Aerith found the new scars that crisscrossed his back, thick raised white welts that she knew from touch alone must have looked a lot worse a few days ago. Her heart ached with sorrow at their predicament, wishing she could rescue him from his fate. But they were both children, trapped in the maw of ShinRa’s gruesome experiments, deemed essential by the top brass, guarded by the sharpest in all intelligence. She was only eight, and by careful observation the pair had determined that Sephiroth had to be ten or eleven—what could such children hope to do to escape their fate as lab rats?

To make matters worse, even if there were chances for Aerith to run away on her own, her mother was often held hostage from her, a reason to force her to stay and behave. A reason not to kick up a storm when she had to watch Sephiroth, the friend she loved as dearly as a brother, endure the horrible experiments that were visibly transforming him and his body. The cracks in him were visible to Aerith. The coiling darkness that rushed to fill these deep wounds had a lasting and devastating impact on his psyche.

Sephiroth admired the wall of colored drawings that he and Aerith had made together, watching the color of a world he had come to recognize less and less now that his training and the procedures he was forced to endure had intensified, worsening in ways that he could never begin to explain to Aerith no matter how hard he tried. 

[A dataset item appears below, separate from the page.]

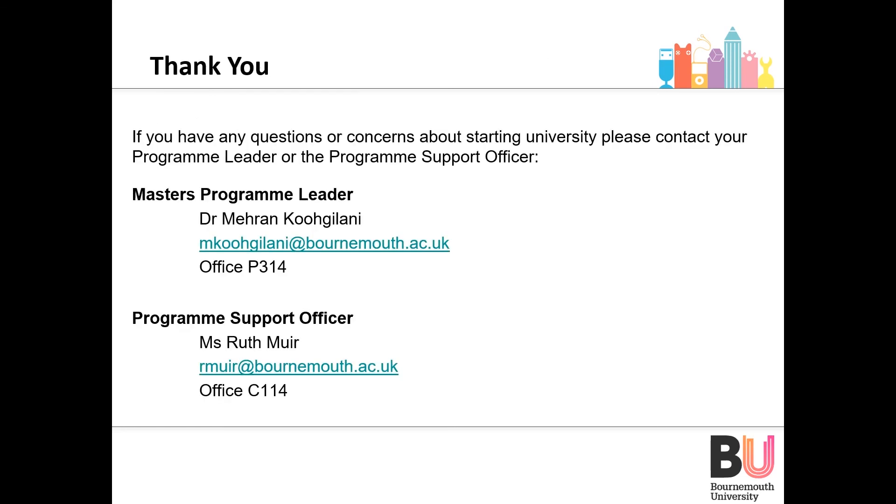Thank you for showing interest in our postgraduate courses. Please do not hesitate to contact either myself or my programme support officer Ruth on the contact details shown on the slide. We are more than happy to answer any questions and make any recommendations necessary. Thank you again.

“I promise,” Aerith whispered. “I’m going to find a way to get us all out of here.” She squeezed Sephiroth’s shoulders in a way that made him turn to face her and her declaration. “This won’t be forever. I’m a Cetra, and you’re… well, you! And my mom is really, really strong—we just have to keep fighting!”

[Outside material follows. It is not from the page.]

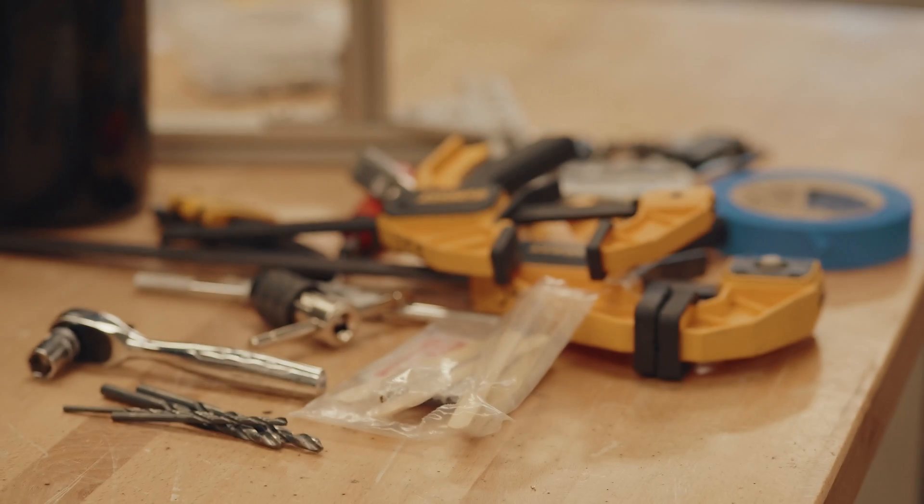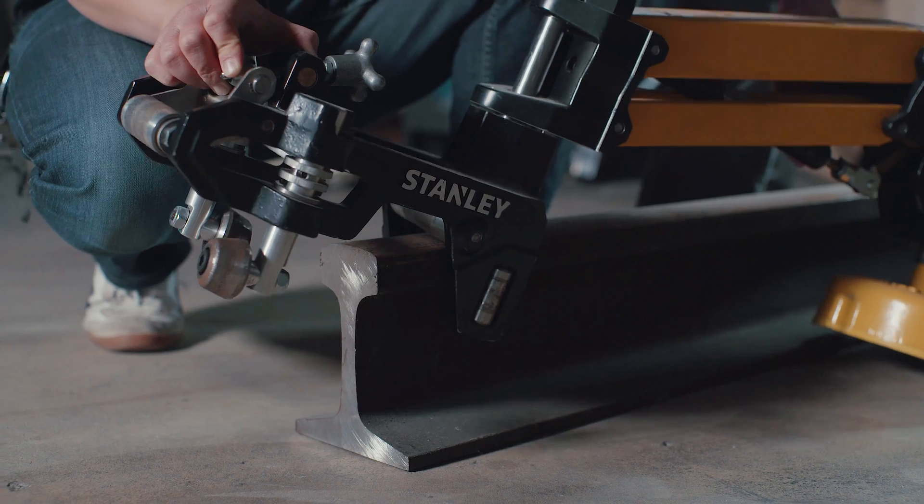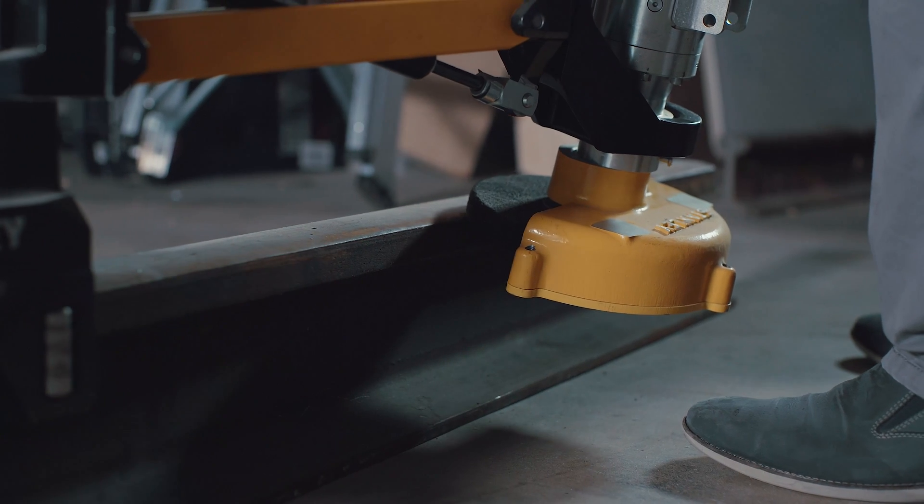So when people think about Stanley Black & Decker, they may think of drills and hand tools. What they don't realize is we actually also make very large tools as well. This is our core innovation lab supporting our infrastructure division.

Sephiroth thought of arguing with her, but the comfort of their dream washed over him, soothing him. If only he could suspend his disbelief. He tried to imagine the many pictures of nature and the world outside that Aerith had described to him, all secondhand information from her mother. Even though Aerith and Sephiroth were so different in an impossible number of ways, at least they dreamt the same.

And that was a comfort.

“Yeah.” Sephiroth hugged Aerith, lying to himself that such impossible dreams were achievable, pulling her closer. He wasn’t sure how much time they’d be permitted together, but he wanted to make it count.

“You’ll have to show me those flowers you always talk about.”